FC: Estamos sensíveis à situação e tomando as precauções necessárias para que possamos ter um papel de ajudar no processo político brasileiro. Não é o primeiro, nem o segundo, terceiro ou quarto que a gente participa aqui, mas esse tem uma característica especial: que, agora, com realmente todo mundo conectado, algumas plataformas — e eu diria que as nossas, em muito menor escala — podem ser usadas para circular informações que não são necessariamente verdadeiras ou que podem ser exageradas.

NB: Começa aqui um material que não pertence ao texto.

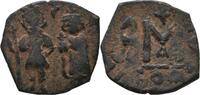 Byzanz Constantinopel Follis Constans II. with Constantin IV. 641-668 -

Queremos usar as nossas plataformas para gerar informações de qualidade, validadas pelo TSE, que ajudem as pessoas a tomarem suas decisões da melhor forma possível.
Então a gente acredita que, sim, temos um papel , mas ao mesmo tempo acreditamos que todo o esforço que foi feito pelo nosso grupo junto ao Google News Iniciative, o trabalho que fazemos com as empresas de jornalismo brasileiras, tem uma proposta de criar um ambiente mais propício para eleições saudáveis.

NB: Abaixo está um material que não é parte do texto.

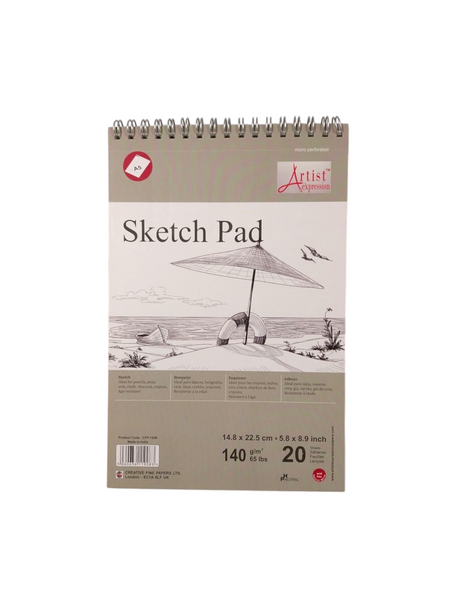 A5 Micro-Perforated Sketch Pad 20 Sheets 14.8 x 22.5cm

GdP: Polêmicas que acontecem na matriz americana do Google, como a recente revolta de funcionários com o envolvimento do Google com programas do Pentágono, afetam o dia a dia no Brasil?
FC: Não. Soube disso na mesma hora em que você soube.

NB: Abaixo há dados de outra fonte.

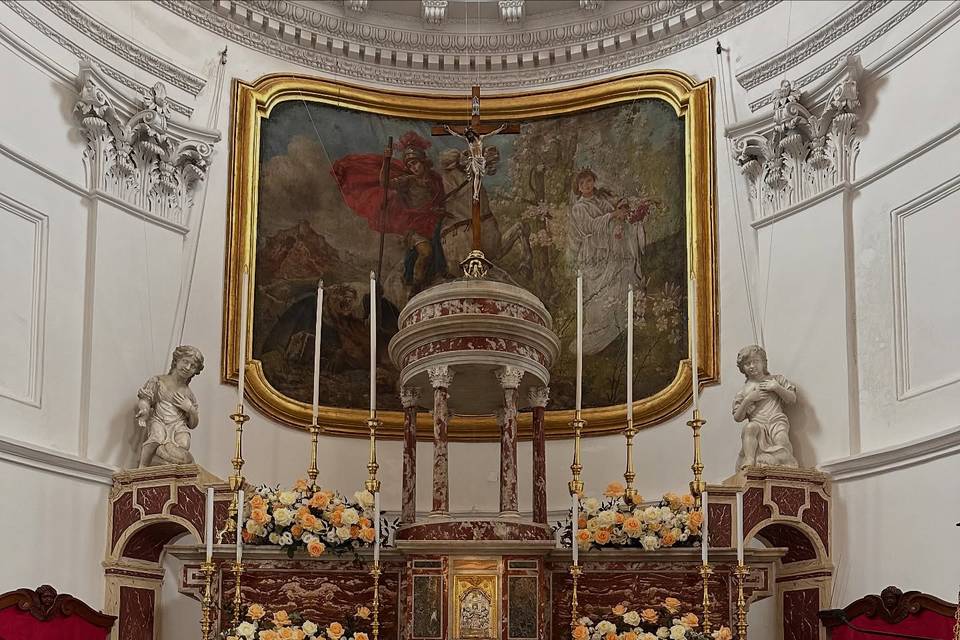 Allestimento chiesa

Todd Benson: [As polêmicas da matriz americana] Parecem muito distantes para nós. Muitas vezes, ficamos sabendo através da imprensa.
GdP: O Google está investindo forte em inteligência artificial, interfaces por voz e algumas outras áreas-chave. Para o futuro, alguma área receberá atenção especial na atuação da empresa no Brasil?
TB: Não sei se diria especificamente para o Brasil. Todos os investimentos que acontecem aqui estão alinhados com os globais. Nossos engenheiros em Belo Horizonte, por exemplo, trabalham em soluções de escala para os nossos usuários no mundo inteiro. Eles não desenvolvem só para o usuário brasileiro; pensam em soluções que funcionam aqui, mas que também serviriam para um usuário de qualquer lugar do mundo. Nesse sentido, estamos usando cada vez mais a inteligência artificial para melhorar.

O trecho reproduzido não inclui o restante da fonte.